Più che un romanzo, insomma, sembra un ricco e aggiornato manuale di "consigli per gli acquisti", una sorta di libretto di istruzioni per diventare, nel modo più banale possibile, alla moda. Alla moda secondo i ragazzi della borghesia dei quartieri di Roma nord, ma che forse diventerà, grazie soprattutto al film che seguirà il successo del romanzo, moda nazionale. La vicenda si dipana così faticosamente fra i nomi delle marche, quasi tutta a Roma per l’appunto, ma con qualche trasferta vacanziera, vissuta o ricordata, descritta esattamente come nel dépliant di un’agenzia di viaggi (shopping compreso, naturalmente).
E non bisogna pensare che, in questo mondo dorato dei continui acquisti, manchi la cultura: alcuni personaggi, fra cui il protagonista, si esprimono a citazioni, più o meno pertinenti, ma che spaziano tra filosofi e poeti di tutto il mondo e di tutti i tempi a costituire un prontuario buono per ogni occasione, che permette di fare una discreta figura ai maschi che si vogliono "intellettuali", mentre gli altri, i belli palestrati, non ne hanno bisogno. E alle ragazze basta la solita frase di Wilde - «resisto a tutto tranne che alle tentazioni» - che apre la strada a prevedibili sviluppi. I dialoghi più impegnati sono così una gara di citazioni, al riparo da qualsiasi ragionamento non dico originale, ma almeno personale.
Pensavo che, almeno, ne avrei ricavato un’idea dei giovani urbani e borghesi di oggi, al di là delle informazioni sui loro consumi, ma non è così: i personaggi sono tutti falsi, tutti benestanti se non ricchi e belli, i lavori che fanno sono quelli sognati da tutti - il pubblicitario, il disegnatore di moda, il fotografo, il maestro di discipline orientali in palestre per signore - e così l’università che molti di loro frequentano.
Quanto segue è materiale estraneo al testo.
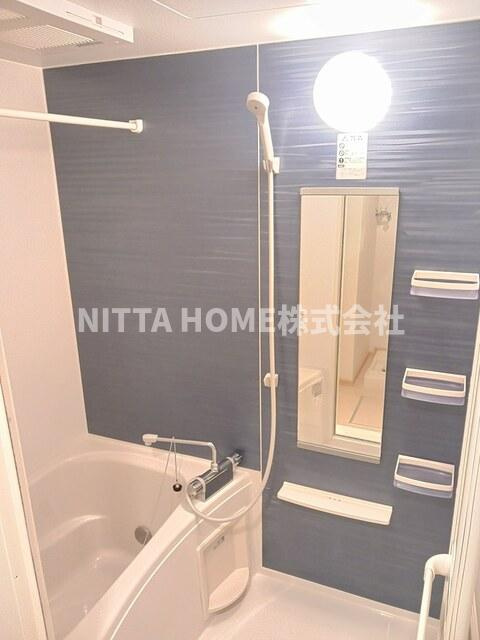 サニーハイツ・カラフルＡの浴室|追い炊き機能・浴室乾燥機も設置済み！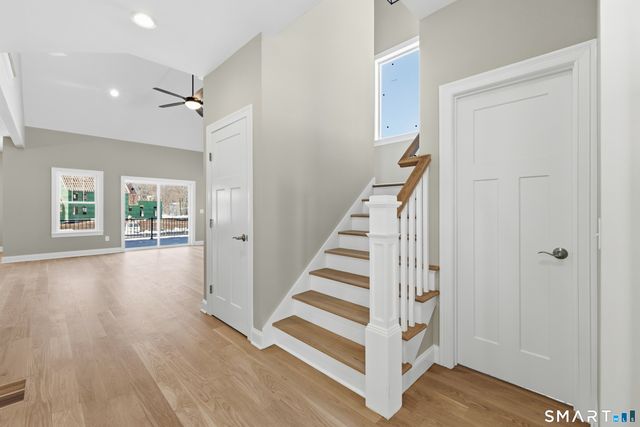 42 Holcomb Street, Simsbury, CT 06070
Perfino una vicenda parallela, che potrebbe avere qualche cosa di realistico, e cioè una giovane coppia che si trova di fronte a una gravidanza imprevista, è risolta nel più banale dei modi: con l’acquisto di una graziosa tutina da neonato. Fuori luogo, naturalmente, qualsiasi paragone con il bel romanzo di Hornby sul tema.
In tanta falsità l’unica cosa che ha qualcosa di vero è l’ossessione della gelosia che tocca tutti e che sembra l’unico serpente capace di avvelenare un mondo altrimenti felice di libero amore e di consumatori belli e sani. infatti solo la gelosia a giustificare il matrimonio, e sono solo le tentazioni sessuali, abbondanti e attraenti, a metterlo in pericolo, in una visione straordinariamente appiattita dei rapporti umani.
Ma questo mio ragionamento - a cui molto probabilmente non è estranea una sana invidia per le copie vendute - è inutile: oggi basta che un prodotto, artistico o meno, abbia un pubblico per essere considerato di valore. E ogni critica viene considerata una minaccia insensata, in un mondo in cui le leggi culturali sono dettate dal mercato. E questo tipo di cultura, del tutto omogenea con quella espressa dai talk show televisivi di successo, e priva di ogni percezione di valori come di ogni osservazione sulla realtà, rappresenta solo il desiderio: i lettori di Moccia vorrebbero vivere come i suoi personaggi. Non resta allora che riflettere sul poco coraggio, sulla poca speranza, sulla poca stima di sé che un simile desiderio rivela.